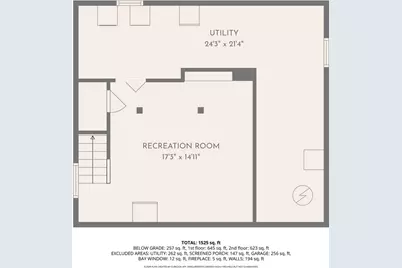 32 Woodbine Street, East Providence, RI 02915 - Photo 45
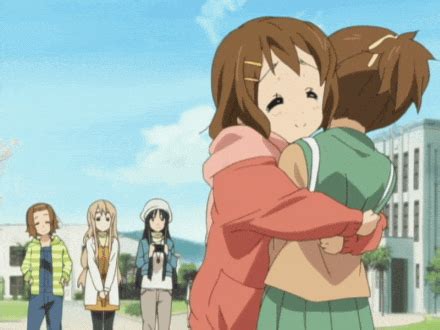 Hug gif anime 3 » GIF Images Download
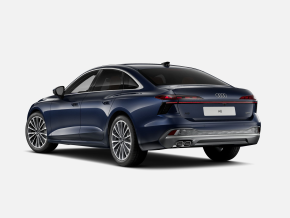 A6 Limuzina 40 TDI quattro thumbnail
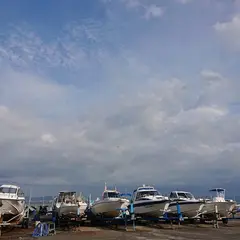 福岡マリーナ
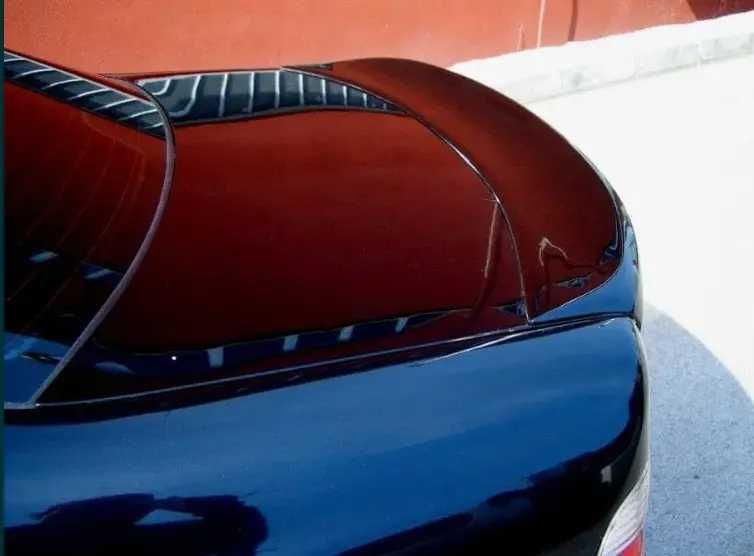 Бмв е39 цсл Спойлер за багажник / Bmw E39 CSL Spoiler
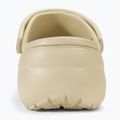 Ciabatte da donna Crocs Classic Platform Clog bone 7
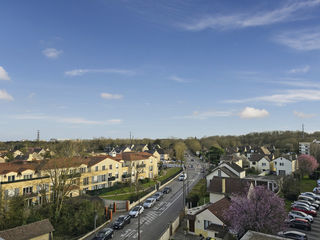  Appartement � vendre 3 pi�ces 60 m�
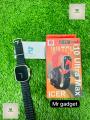 i10 Ultra Max , 2.19" inch Full Screen , Hiwatch Ultra , Sports Fitness Watch , Bluetooth Calling , For IOS and Andriod , Watch for Men and Women , Big Screen Smart Watch. 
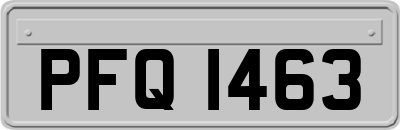 PFQ1463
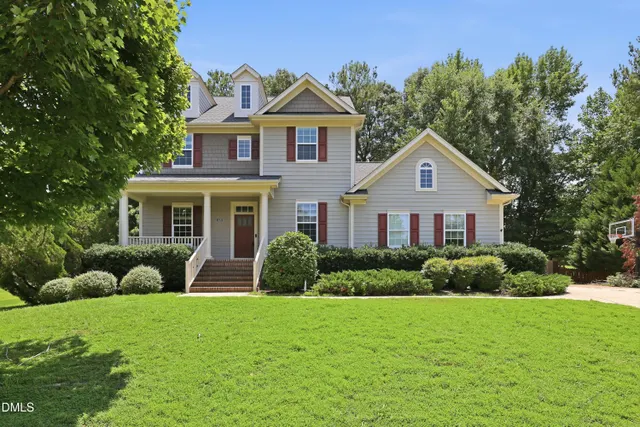 Popular Drayton Reserve Real Estate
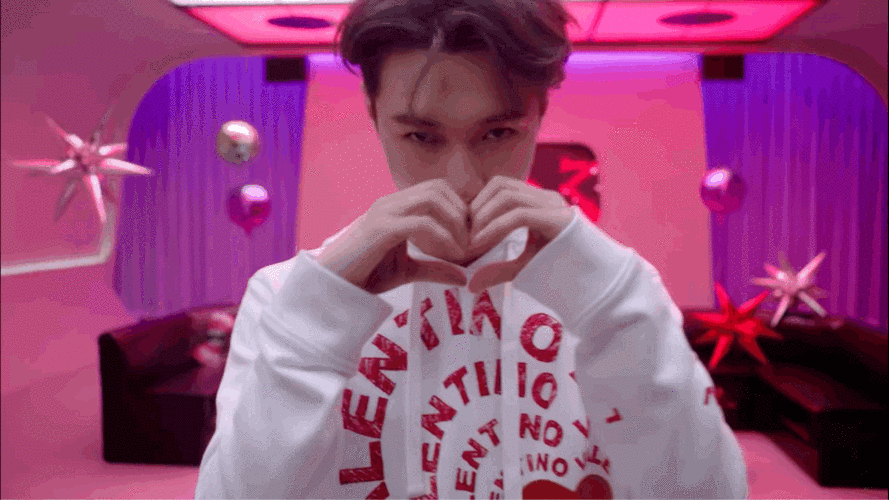 我的心,在这里|傻瓜|张艺兴|王俊凯|kiki_网易订阅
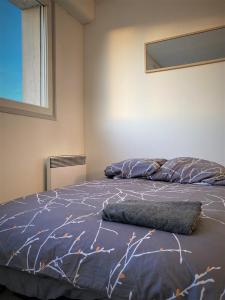 Appartements Appartement double 5 a Limoges : photos des chambres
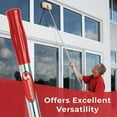 thumbnail image 3 of Shurhold 9' Telescoping Handle 63" - 108", 3 of 7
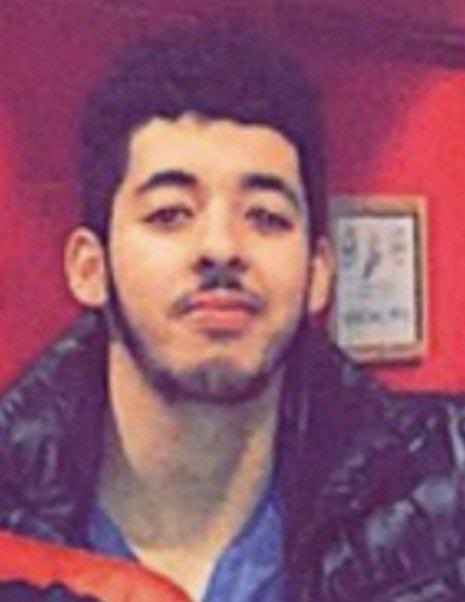 Image result for PHOTOS OF SALMAN Abedi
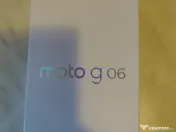 Motorola g06 nou 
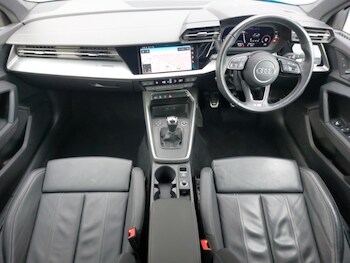 Used Audi A3 2021 for sale - 76838821: Photo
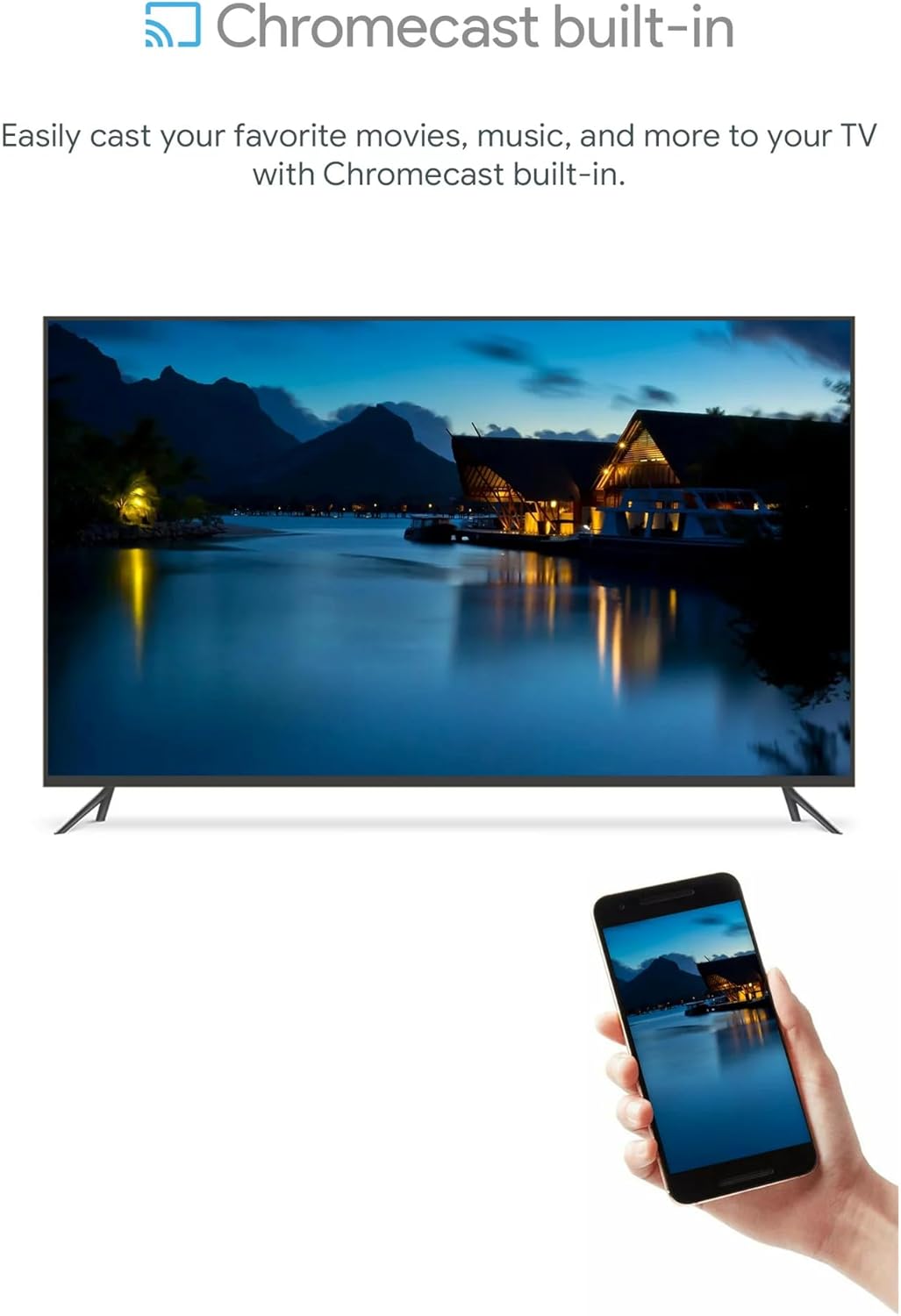 onn Android TV Box 4K UHD Streaming Device Best Price in Sri Lanka | ido.lk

★ ★ ★ ★ ★ ★ ★

With the pictures removed, return the full listing exactly as given.

Expected answer:
 32 Woodbine Street, East Providence, RI 02915 - Photo 45
 Hug gif anime 3 » GIF Images Download
 A6 Limuzina 40 TDI quattro thumbnail
 福岡マリーナ
 Бмв е39 цсл Спойлер за багажник / Bmw E39 CSL Spoiler
 Ciabatte da donna Crocs Classic Platform Clog bone 7
  Appartement � vendre 3 pi�ces 60 m�
 i10 Ultra Max , 2.19" inch Full Screen , Hiwatch Ultra , Sports Fitness Watch , Bluetooth Calling , For IOS and Andriod , Watch for Men and Women , Big Screen Smart Watch. 
 PFQ1463
 Popular Drayton Reserve Real Estate
 我的心,在这里|傻瓜|张艺兴|王俊凯|kiki_网易订阅
 Appartements Appartement double 5 a Limoges : photos des chambres
 thumbnail image 3 of Shurhold 9' Telescoping Handle 63" - 108", 3 of 7
 Image result for PHOTOS OF SALMAN Abedi
 Motorola g06 nou 
 Used Audi A3 2021 for sale - 76838821: Photo
 onn Android TV Box 4K UHD Streaming Device Best Price in Sri Lanka | ido.lk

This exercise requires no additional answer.